It happens to less than 1% of pregnant women. It happened to me. Hyperemesis Gravidarum. In both pregnancies. According to the HELP HER Foundation ‘Hyperemesis gravidarum (HG) is a severe form of nausea and vomiting in pregnancy. HG usually extends beyond the first trimester and may resolve by 21 weeks. However, it can last the entire pregnancy in less than half of these women.’
It lasted the whole of my first pregnancy. I counted more that 100 (!) times of being sick. I am almost half way through my second pregnancy, and it is still going. Here is what I learned:
It is ok to go dark: When we are sick we can have dark thoughts, and that’s ok. It is part of being unwell. But, close family members maybe not be the best people to share your dark thoughts. They are going through enough seeing you ill, give them a break. A close friend or your doctor might be better. Unlike 55% of women with HG, I managed not to get depressed. But I did go very dark when I was at the bottom of it.
It’s an opportunity to give less and receive more: For the last year there was a lot of purpose in my life but little pleasure. If a purpose/pleasure balance is what is needed to be happy, I was certainly off balance. I worked hard. I took care of my daughter. I coached. And that was about it.
When I went sick, I stopped all that. And in the beginning, I felt guilty. For not working. For being a burden to my husband and family members that did everything to support me. For not being the mother I wanted to be.
But I managed the guilt. I started feeling compassion for myself. And I allowed myself to binge-watch Netflix for a month and read a lot of mystery books. I allowed myself not to pick up my daughter from the nursery the moment I was not working. I started asking for help and receiving it gladly. I started sleeping. And in a weird way, losing my health gave me back some balance.
When all activity stops you are alone with yourself: When I started peeling the layers off because of my sickness, first the employee, then the mother (for the hours that Sofia was at the nursery) I was curious to see what’s underneath. In the beginning, there was nothing. I got scared. When I am not a worker, and I am not a mother what’s left? I held this emptiness for a while. And then ideas started coming up. What is important to me and what’s not started becoming clear. I stripped all distractions. I waited. And there it was…a part of myself I had forgotten.
Find the blessings in hell: They were many of those. HG may be horrible, but I know it will end when I give birth unlike a lot of other diseases. I will have a cute bundle of joy to show for all my suffering.
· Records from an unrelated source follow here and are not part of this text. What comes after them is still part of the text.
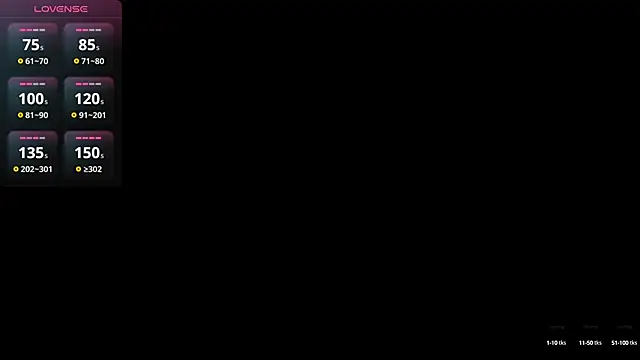 Snapshot of Megan_browns1 chatting on 02-18-25, 01:00 Megan browns1 online show from 02-18-25, 01:00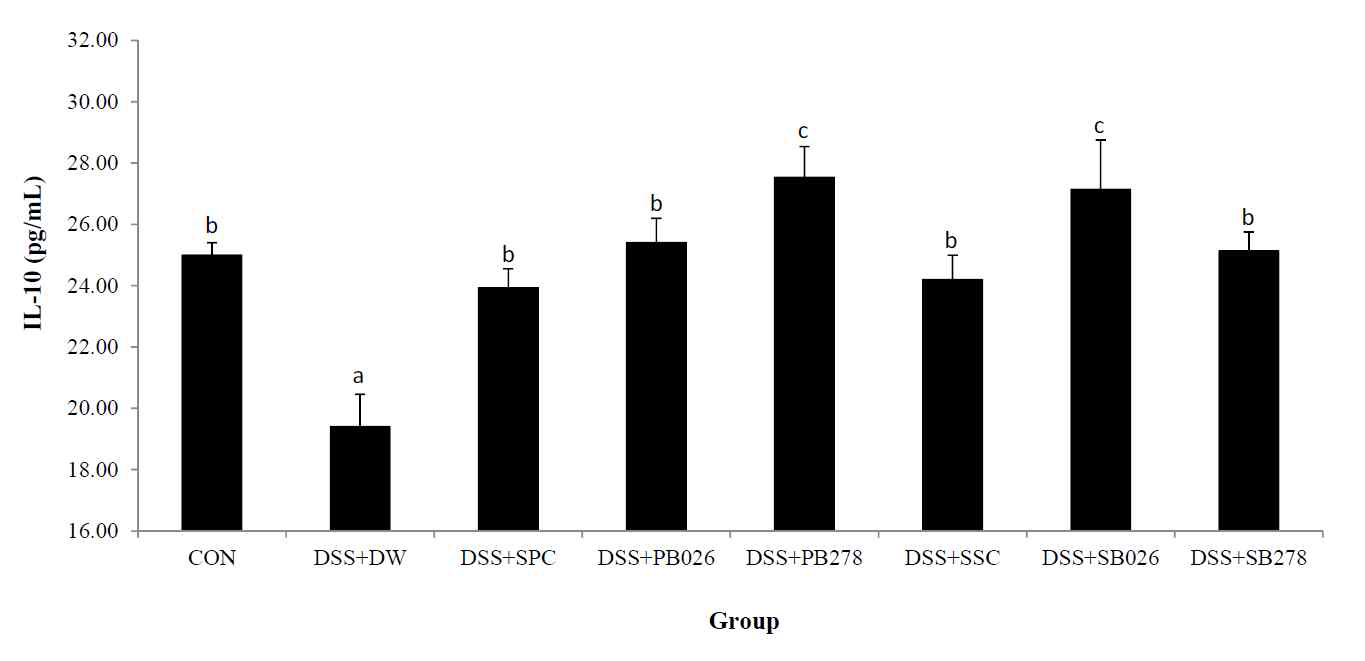 Effect of produced soybean paste and soy sauce in JJDJB-026, SCDB-278 on the level of IL-10 in DSS-treated mouse plasma.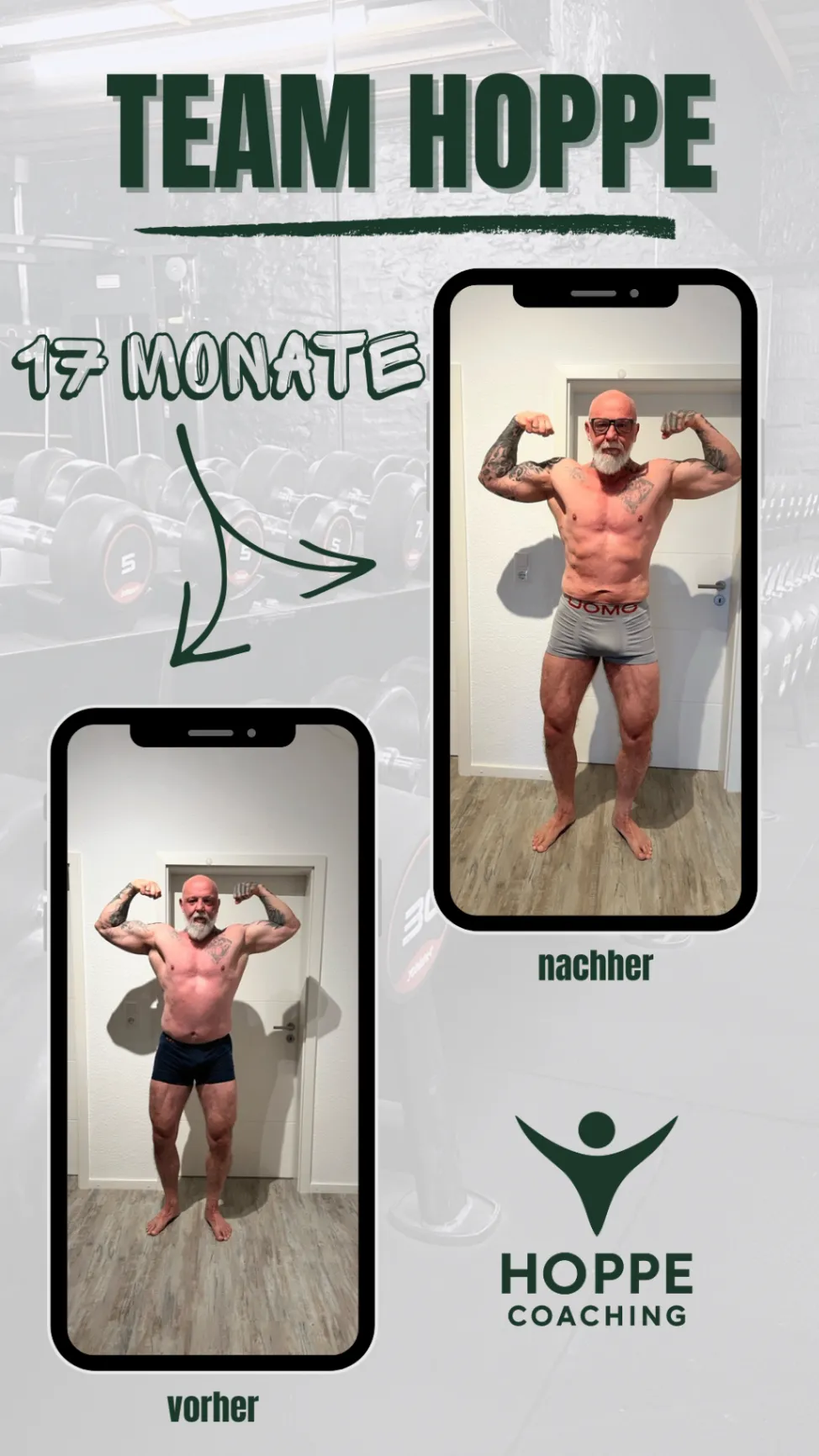 Team Hoppe Vorher-Nachher-Grafik mit dokumentierter Transformation über 17 Monate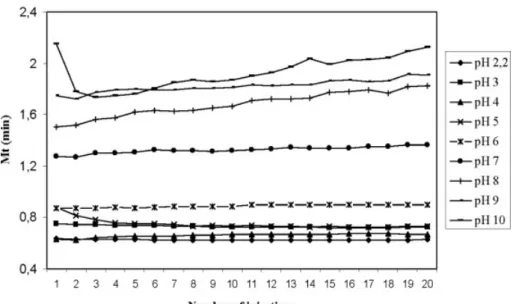 Figure 3. EOF performance vs.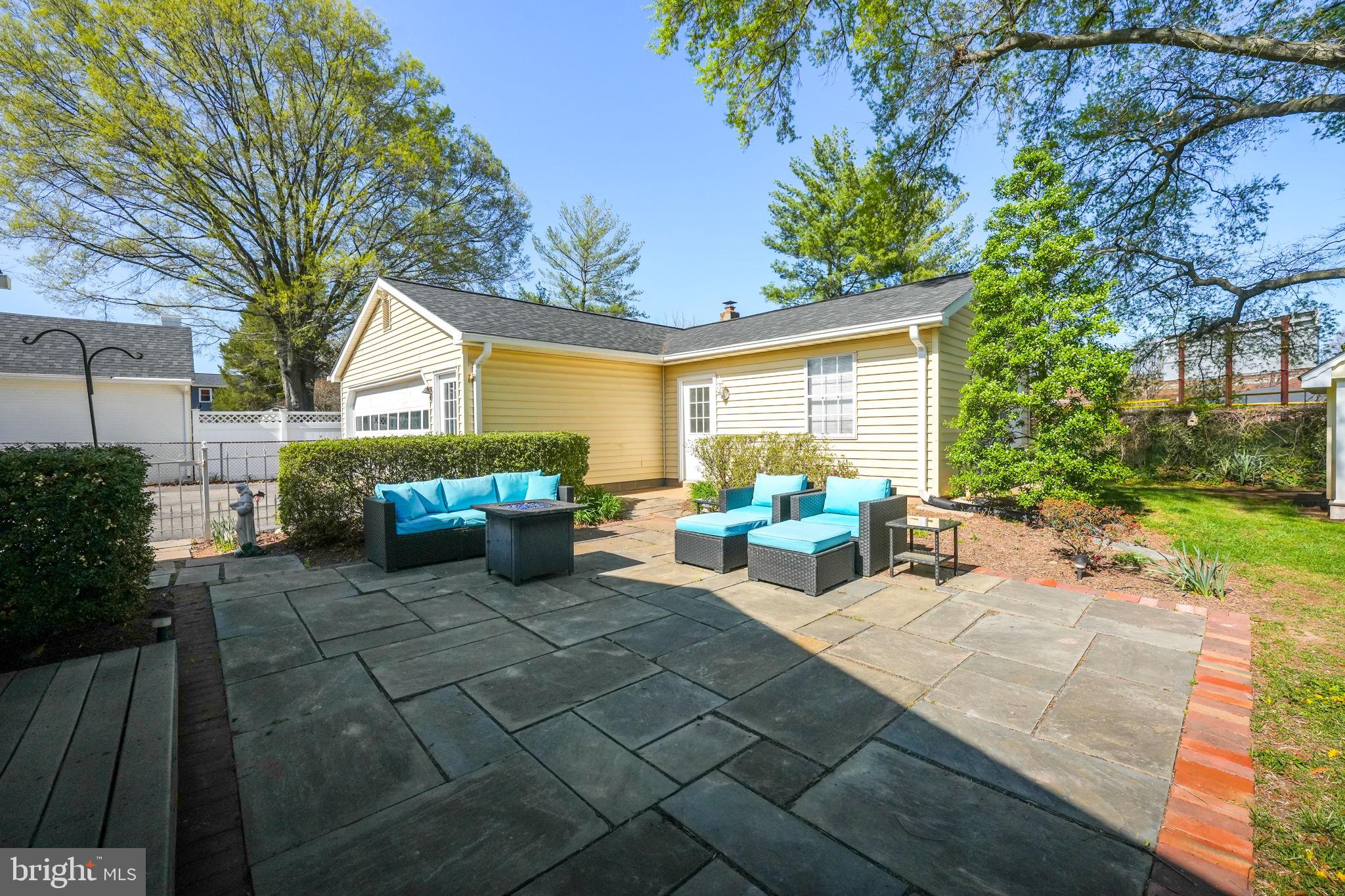 MANASSAS CITY - Residential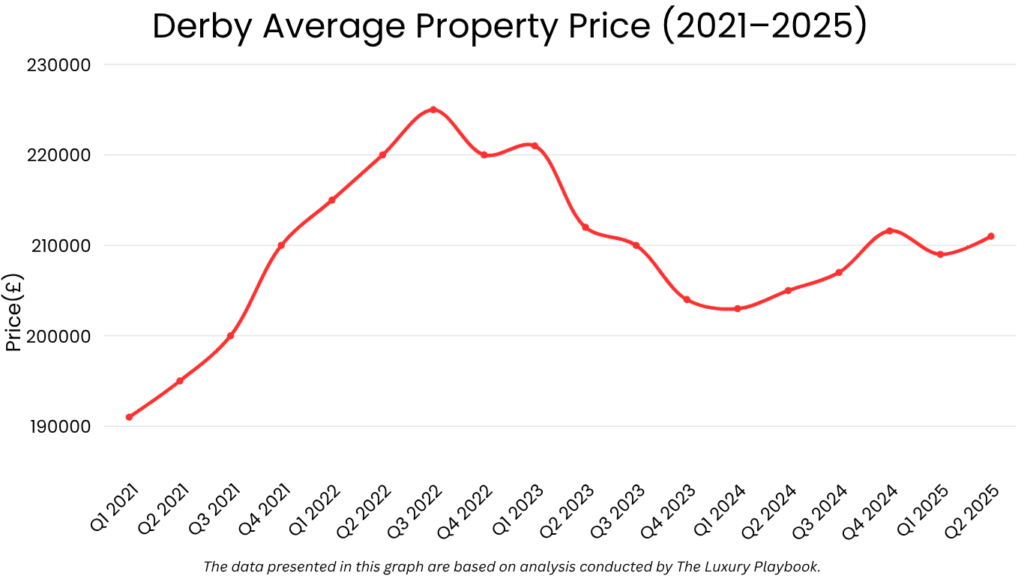 Derby Average Property Price (2021–2025)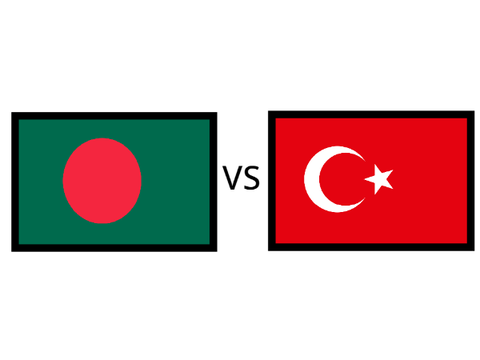 Türkiye vs Bangladesh (Requested series)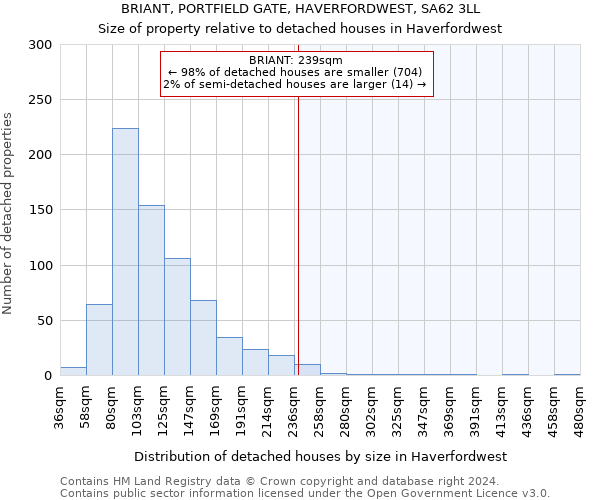 BRIANT, PORTFIELD GATE, HAVERFORDWEST, SA62 3LL: Size of property relative to detached houses in Haverfordwest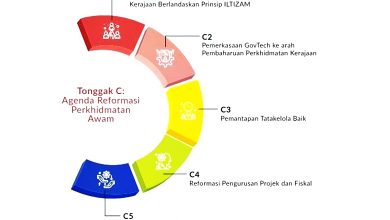 Photo of 第13大马计划〡聚焦5改革目标 公服数字化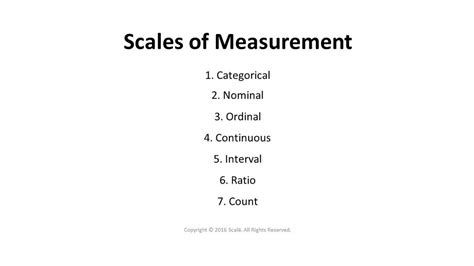 Scales Of Measurement In Statistics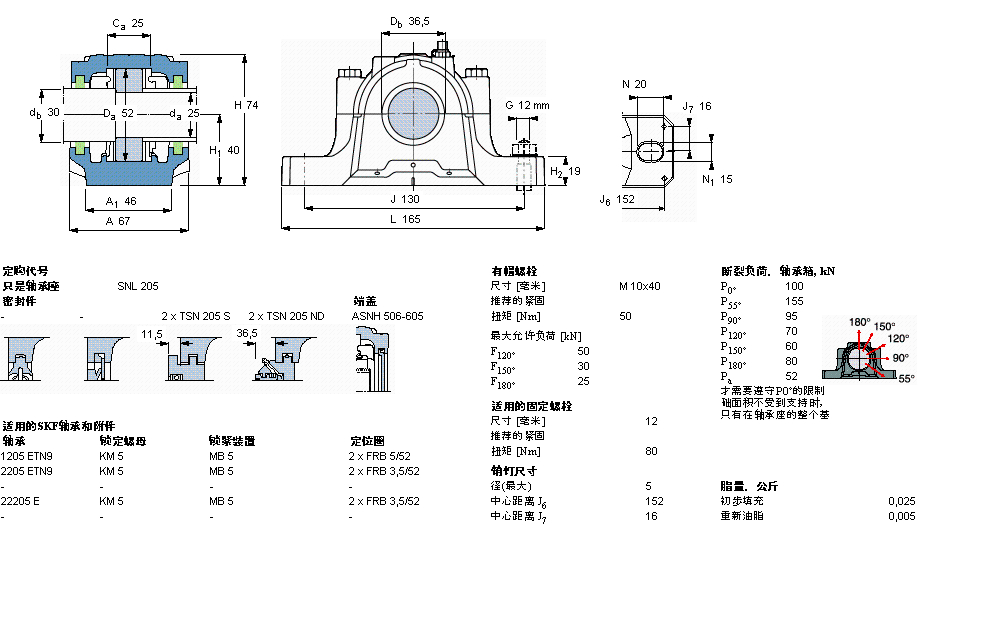 SKF 剖分立式軸承座, SNL，用于緊定套上的軸承，帶油封，標(biāo)準(zhǔn)密封SNL205樣本圖片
My employer was supportive while a lot of women with HG lose their jobs, especially in the US. My doctor gave me medication immediately saving me from excess weight loss and dehydration. That’s not the case for a lot of doctors who refuse to give any medicine to pregnant women. Every little joy started counting. Everyone’s expectations are so low for me that when I exceed them, it’s a party. My husband was so surprised I cooked this week!
If I could avoid HG, of course, I would. But everybody has their misfortunes in life, their battles. And depending on how we react to them, they can be a turning point. They can help us get to know ourselves better and help us grow. If life gives you lemons, please try to make the coolest damn lemonade ever made!